Exercise directions -
From the records below, extract only the lines running from the line with "3FA6P0RU4HR182959 - 2017" to the line with "Dramatic Leaf Sprays", both lines included, reproducing them exactly.

Input records -

:::

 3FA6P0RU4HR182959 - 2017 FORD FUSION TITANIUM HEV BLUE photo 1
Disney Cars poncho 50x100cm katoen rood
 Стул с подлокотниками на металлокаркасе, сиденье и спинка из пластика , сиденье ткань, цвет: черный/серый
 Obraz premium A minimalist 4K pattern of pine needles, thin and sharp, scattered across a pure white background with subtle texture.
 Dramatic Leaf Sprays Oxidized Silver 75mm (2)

:::

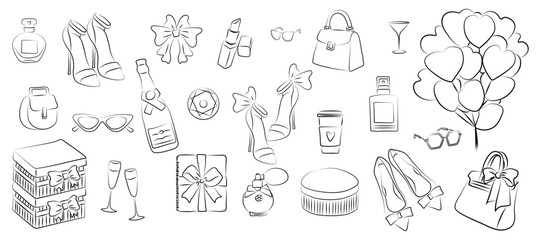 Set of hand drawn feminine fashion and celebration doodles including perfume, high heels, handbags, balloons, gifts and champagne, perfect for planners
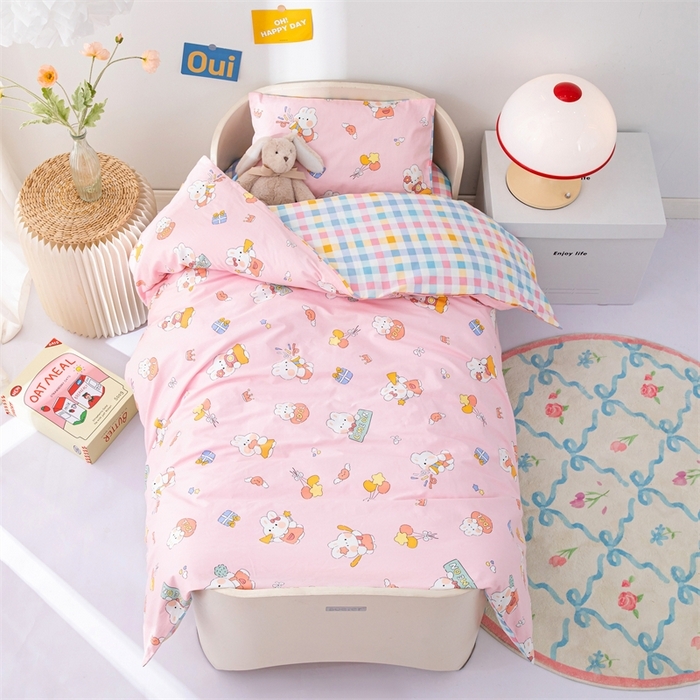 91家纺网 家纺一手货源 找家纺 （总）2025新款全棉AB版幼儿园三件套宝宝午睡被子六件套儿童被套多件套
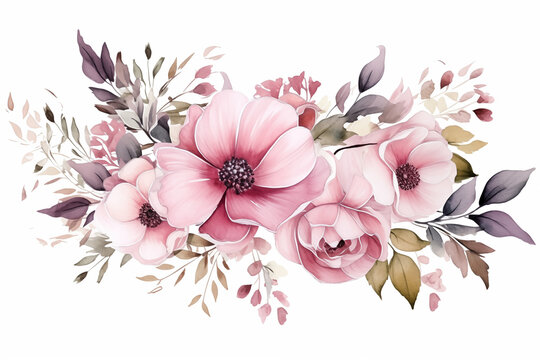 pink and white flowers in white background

:::

The answer -
 3FA6P0RU4HR182959 - 2017 FORD FUSION TITANIUM HEV BLUE photo 1
Disney Cars poncho 50x100cm katoen rood
 Стул с подлокотниками на металлокаркасе, сиденье и спинка из пластика , сиденье ткань, цвет: черный/серый
 Obraz premium A minimalist 4K pattern of pine needles, thin and sharp, scattered across a pure white background with subtle texture.
 Dramatic Leaf Sprays Oxidized Silver 75mm (2)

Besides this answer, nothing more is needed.